But if the ultimate plan is to requeen with (supposed) mite resistant bees, plan that for early fall.

I suspect your plan is really to see how the existing bees handle mites on their own. To know that you'll need to test the bees for mite levels. However there are a number of traps for new players when doing this, and it is easy to be mislead by interpretation of results. My opinion, would be just go ahead & requeen at least one of them, with a resistant queen, you could leave the other hive as is, if you think they are tolerating mites, as an experiment.

Course you have many options, those are just my thoughts, there will be other opinions equally useful.


----------



## RiodeLobo (Oct 11, 2010)

I left my package queens (caucasian) and one was the only colony to survive the winter.

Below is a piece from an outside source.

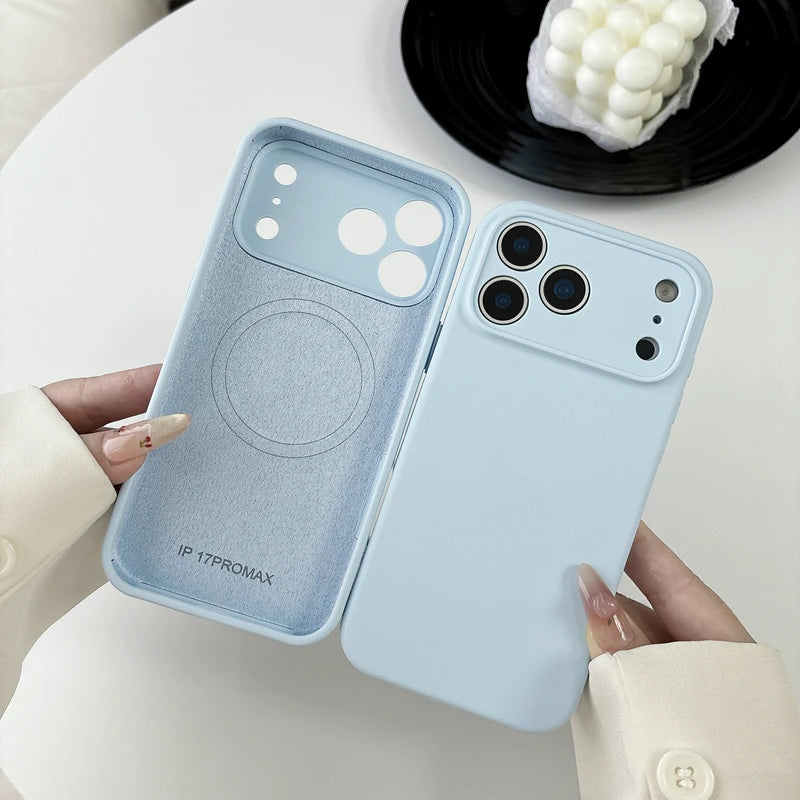 Pixor Magsafe Magnetic Wireless Charging Solid Color Liquid Silicone Phone Case for IPhone 17 Pro Max 17 Air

The rest bit it (5 supposed resistant) and 2 packages.

My plan on rebuilding is 4 packages and 2 nucs from traditional sources 3 nucs from a tx free source and 3 queens from a no chemical (soft treatment only) source. I am going to requeen 3 of the traditional source hives with the "resistant" queens and split the remaining 3 into over winter nucs, allowing half to raise a queen using eggs from the tx free nuc hives. Ideally this will give me 7 hives and 6 nucs going into the winter all with a "resistant" queen on the daughter of one.


----------



## jeffnmo (Mar 16, 2013)

being new I can't claim any experience or proven actions but common sense and the learning I've done so far leads me to agree with Whitetail. You have to observe and act according to what is happening. Too many variables and you can't reasonably cover all. Go with the knowledge you have and trust your instincts. That's the way I'm approaching it at this point and if I change my mind I'll let you know. Good luck Gus


----------



## Gus979 (Oct 11, 2012)

Thanks for the advice everyone


----------



## Moon (May 7, 2011)

Advice is one thing you'll get a plethora of on beesource. From pretty much every corner of the globe and every spectrum of beekeeping. It's pretty easy to tell someone the best way to ride a bike, explain balance and forward momentum to them; braking and safety precautions looking out for traffic etc... etc... With all the explanation and reading in the world you're still going to have to hop on a bike, fall down a lot, and scrape your knees a time or two before you start to get the hang of it. Few things in life are any different. Dive in. Learn, make mistakes, learn from your mistakes, make more mistakes, keep learning. Don't lose the passion for what you're doing and you'll be fine.

Best of luck =)


----------